:: EXERCISE DESCRIPTION ::
When you restate the data, keep every word as it is and drop the images.

:: EXERCISE DATA ::
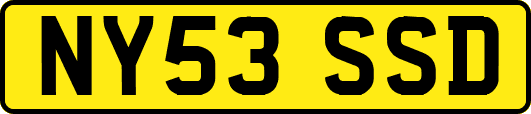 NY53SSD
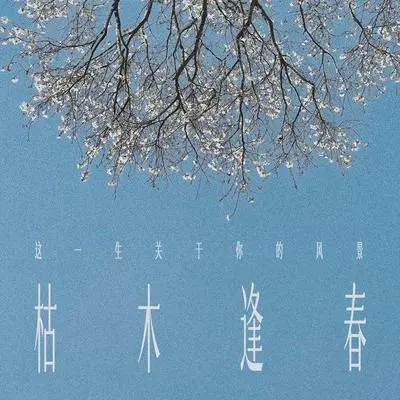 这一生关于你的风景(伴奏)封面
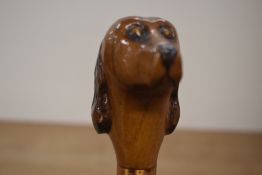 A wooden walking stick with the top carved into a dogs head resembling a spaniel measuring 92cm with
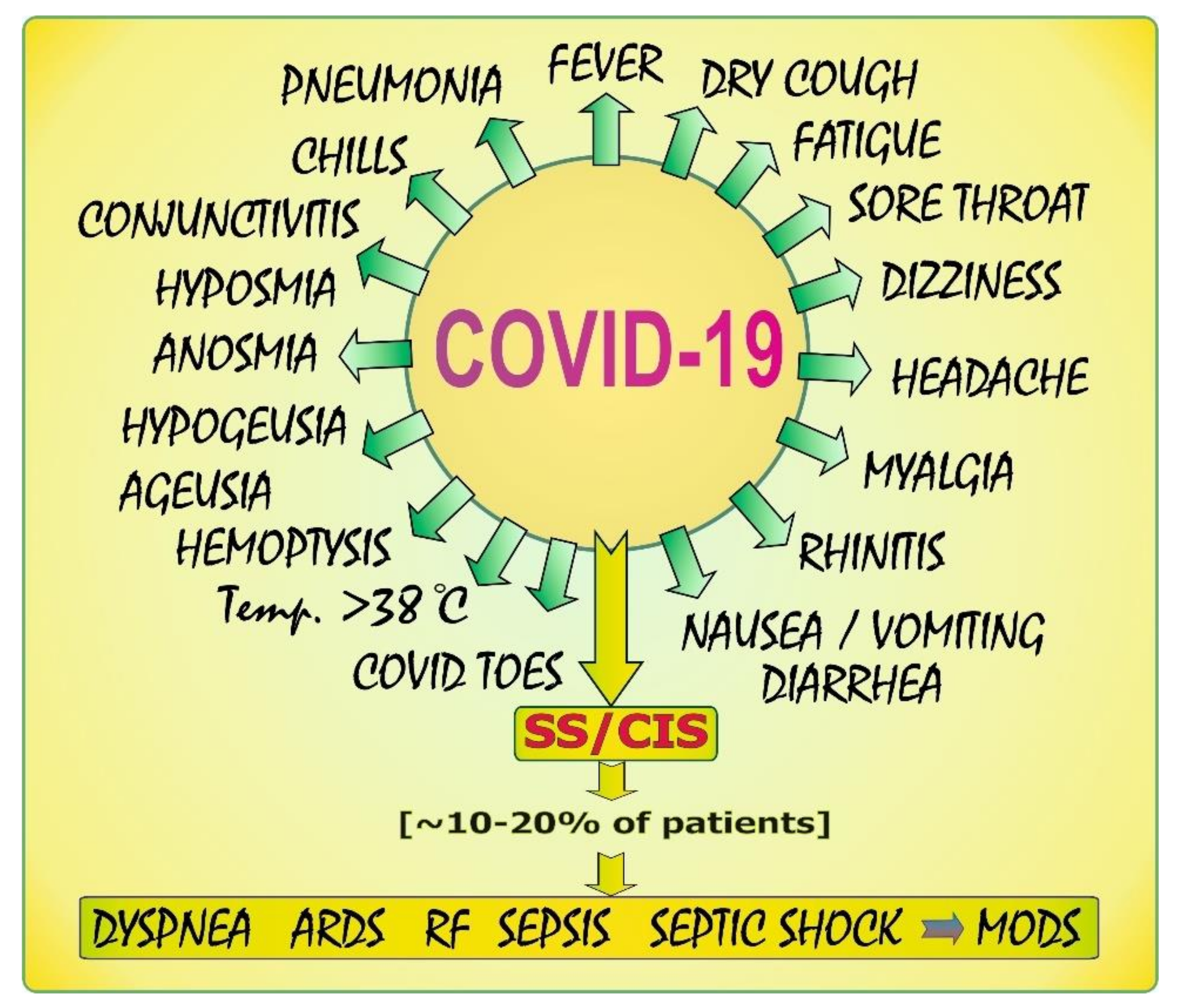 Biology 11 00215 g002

:: EXERCISE SOLUTION ::
 NY53SSD
 这一生关于你的风景(伴奏)封面
 A wooden walking stick with the top carved into a dogs head resembling a spaniel measuring 92cm with
 Biology 11 00215 g002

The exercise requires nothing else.